Dear Athletic Support: My daughter missed basketball practice. When she came back, the coach made her run fifteen laps around the gym. Now, that might not sound all that crazy, but here’s the kicker: my daughter was sick! She had a low-grade fever, so she stayed home. I thought the coach would appreciate that. The last thing anyone needs is the whole team getting sick. But no, this coach punished my daughter for doing the responsible thing. My daughter even said she asked her why she was running, and the coach just told her that was the rule. Like that explained it. I’m seriously struggling with what to do here.
— Sick Of It
Dear Sick: Back when I was coaching, I had a “makeup” policy for players who missed practice, and yes, that included players who missed for sickness.
I compared it to school. How, when you miss school due to sickness, you still have to make up the work.
My “makeup” consisted mainly of running extra after practice. I wasn’t trying to be mean, I really wanted my players to stay in shape.
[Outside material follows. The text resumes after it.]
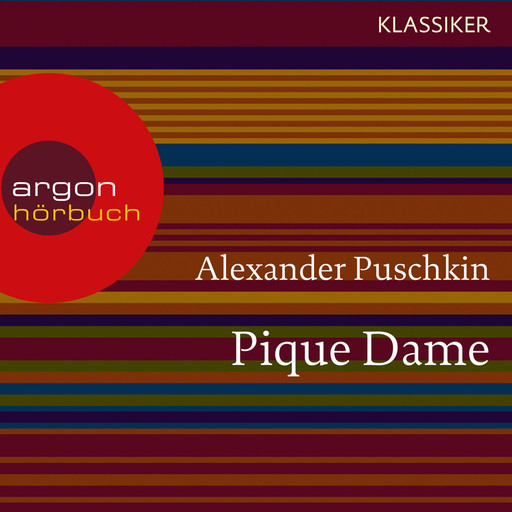 Pique Dame (Ungekürzte Lesung), Alexander Puschkin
I wanted the players who were at practice to see that anyone who missed would have to do something to account for what they missed the day before.
Lou Holtz once said, “There’s no such thing as a free lunch,” and if I had to guess, the old ball coach was probably talking about something like this, talking about practice.
Dear Athletic Support: I played basketball in high school. We were good. Really good. Like, only-lost-one-game-my-senior-year good. But I’m a dad now, and my son is the one out on the court, and his team will be lucky to win a game. Period. The worst part? The coach doesn’t seem to care. They lost a game the other night, and as soon as it was over, all the kids were laughing and goofing off. Back when I was playing, if we lost a game, nobody laughed. Heck, nobody talked for the whole bus ride home. It’s all just so different. I don’t know what to do. I don’t know how I can help, or how to talk to my son after they lose every game. What’s my role supposed to be as a dad for a team like this?
— Losing Isn’t Fun
Dear Losing: The easy answer here is that, regardless of the wins or losses, your role as a parent shouldn’t change.
Sounds simple enough, but it’s not really true.
Your role does change. It’s much harder to be a parent — a player or coach — on a losing team. The practices and the season drag on forever. Every little problem is magnified. A lot of kids quit.
Which is probably why your son’s coach takes it easy on the boys and lets them goof off after the games. If he made them ride home in silence like back in your glory days, everyone would be in for one long ride.